Here Are The Absolute Best & Worst Things We Overheard At Coachella

Coachella is done and dusted – literally – for another year. Kendrick humbled us, Lorde floored us, and Hans Zimmer brought a 50-person orchestra to the desert for an almost spiritual rendition of ‘The Circle of Life‘ from ‘The Lion King’.

PEDESTRIAN.TV were there to witness the magic and mayhem of 125,000 people trying to catch 150+ artists on seven stages and not completely lose their mates (or their mind) in the process.

Here’s just a taste of what we overheard

[On the bus to the festival]
Very optimistic girl to her friend: “I hope they do something about the dust this year.”

[On the walk in]
Guy selling bottles of water: “Water! Gluten-free water!”
Idiot walking past [does a double take]: “Wait, really?!”

Bloke on the phone near the entrance: “Nah it’s fine, yeah, they’re not really checking.” 
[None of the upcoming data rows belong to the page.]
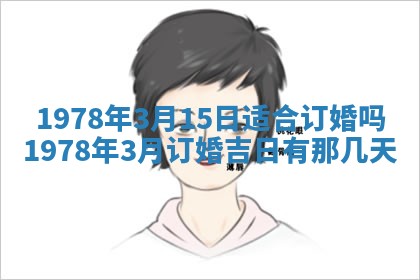 2026年3月室内装修良辰丨哪些日子适合装修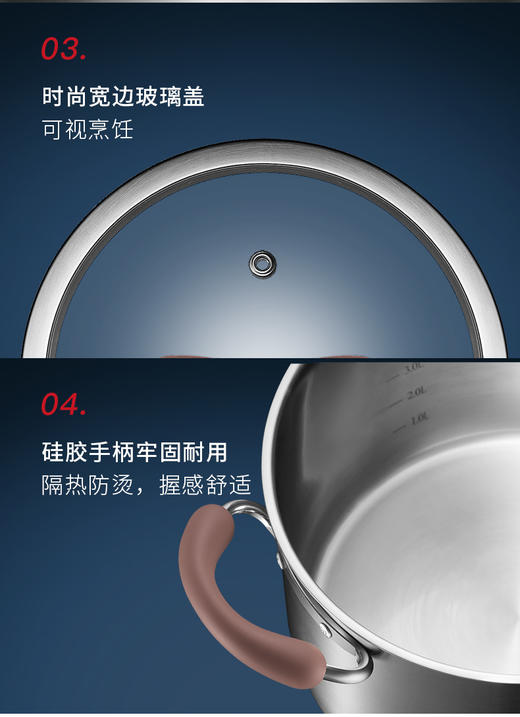 苏泊尔汤锅小蒸锅304不锈钢复底加高加厚小红圈防烫煮粥RT24AA2 商品图11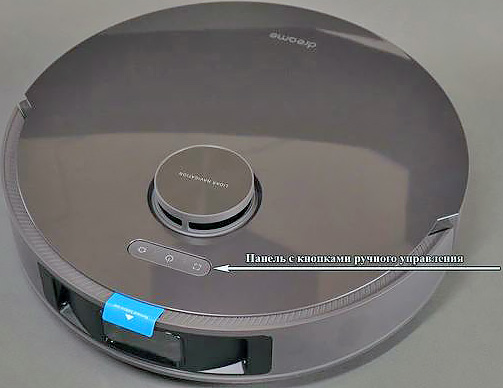 Зачем роботу-пылесосу ручной режим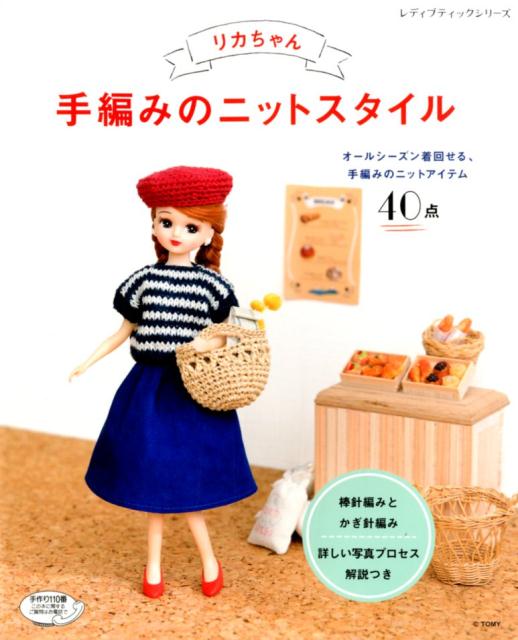 リカちゃん手編みのニットスタイル オールシーズン着回せる、手編みのニットアイテム40 （レディブティックシリーズ）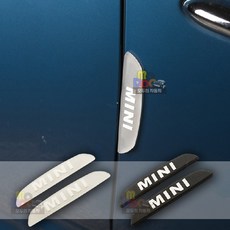 미니쿠퍼 도어가드 2PCS 4PCS R시리즈 F시리즈 전차종호환, 1세트, 화이트4PCS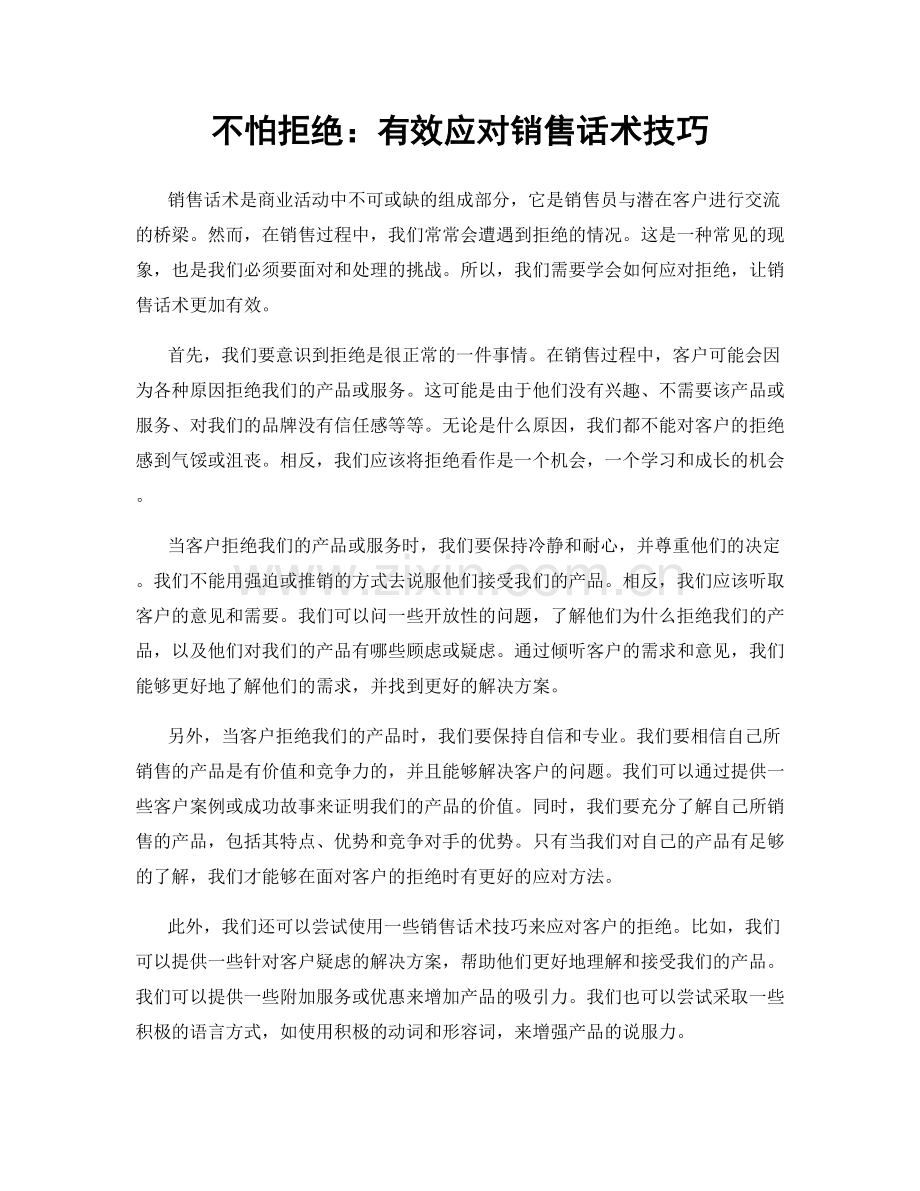 不怕拒绝：有效应对销售话术技巧.docx_第1页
Girl to stranger who is clearly about two-and-a-half metres tall: “Wow. You’re like, really tall.”
Tall boy: *says nothing*

Dude #1 (shirtless): “Nah nah dude it’s fine, just take it off.”
Dude #2: *takes off shirt*

[During a lull in Lady Gaga’s set]
Girl to friend: “This better be Beyoncé.”
(It was not Beyoncé.)

Girl to friends: “I better not see that bitch again in my life.” 

[Outside the VIP area.]
Dude to his friend: “You see that? That’s VIP. That’s elitism man. We [gestures] cannot [shakes hands] go in there [points at VIP area].”
Unfortunate girl roped into this conversation: “That’s capitalism for you.”
Dude #1: “No, that’s fascist capitalism.”
[Girl makes hasty exit.]

Literally every second of the entire festival when walking through a crowd:
“Sorry.”
“Sorry champ.”
“Oh wow sorry about that.”
“No no, not at all”.
[Americans are disturbingly polite.]

Man on the phone: [forgets the word ‘Ferris Wheel’] “Yeah yeah we’re near the uh, ferris-go-round.”

Girl: *walks into toilet cubicles*
Friend walking out of toilet cubicles: “No no, you are absolutely not peeing in there.”
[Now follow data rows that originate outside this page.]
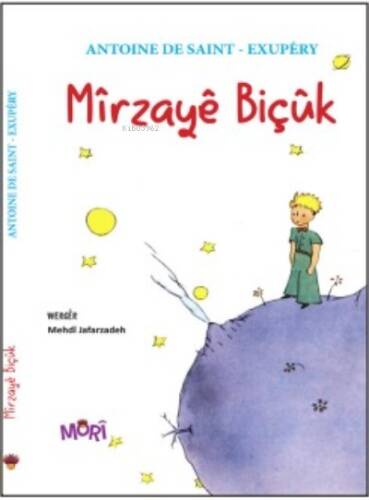 Mirzaye Biçuk - 1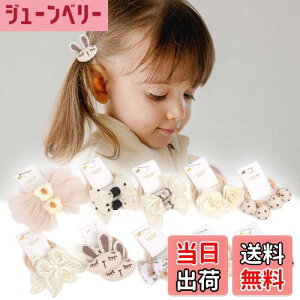 yzBIANHUAN wAS q { xr[ ̖ S  Jt Ԃ S wAANZ LbY qǂ wAS 킢 ̎q  qpwAS MUq c xr[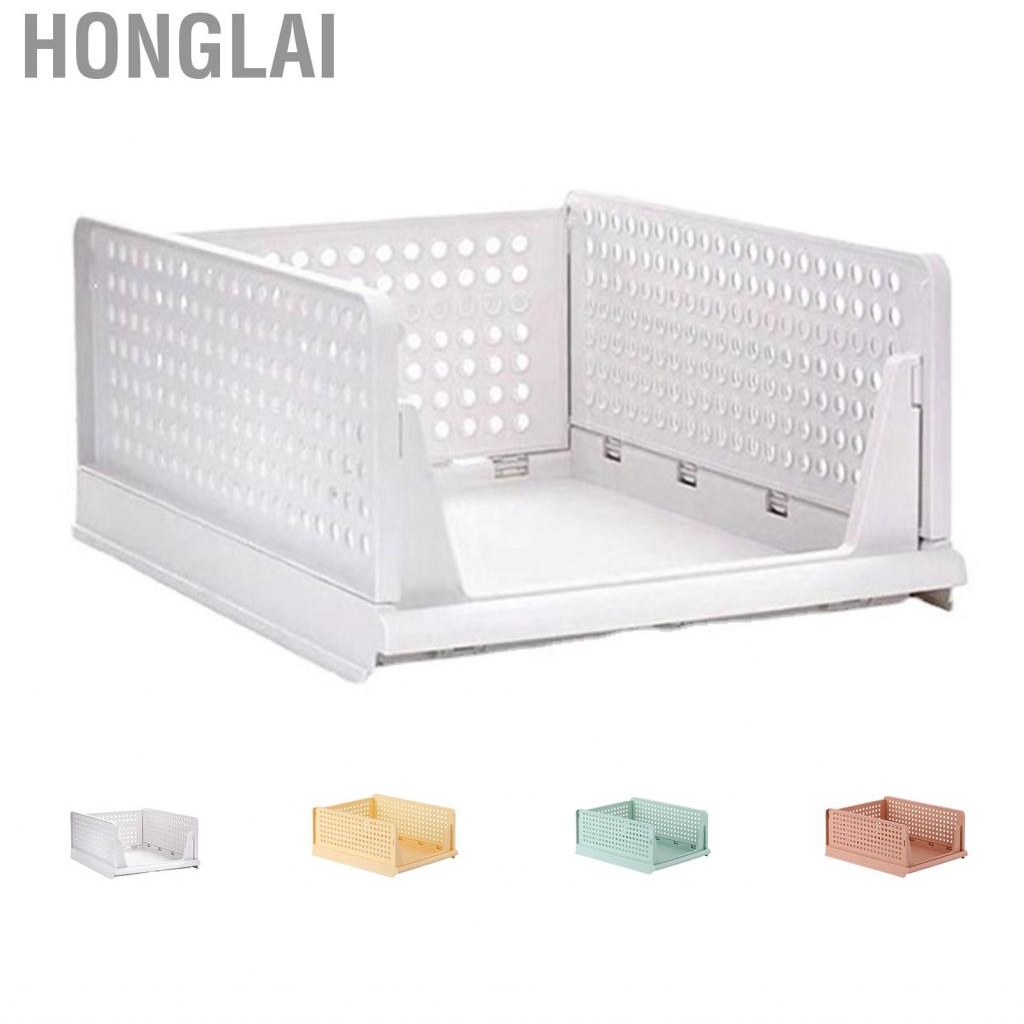 Honglai Stackable Storage Basket Plastic Large Open Drawer Wardrobe Cloth Container for Bedroom Living Room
Girl: *pulling up her booty shorts* they… won’t…. go…. any…. higher.
Friend (helpfully): “Can you tuck them into your thong?” 

Very white girl at the pool the day after Coachella: “We tried to watch Kendrick Lamar but it was just too ghetto, you know?”

Coachella’s all wrapped up for another year, so ’til next time, you sweaty, dust-infused riot of a time.

The writer travelled to Coachella courtesy of Air New Zealand and Visit California.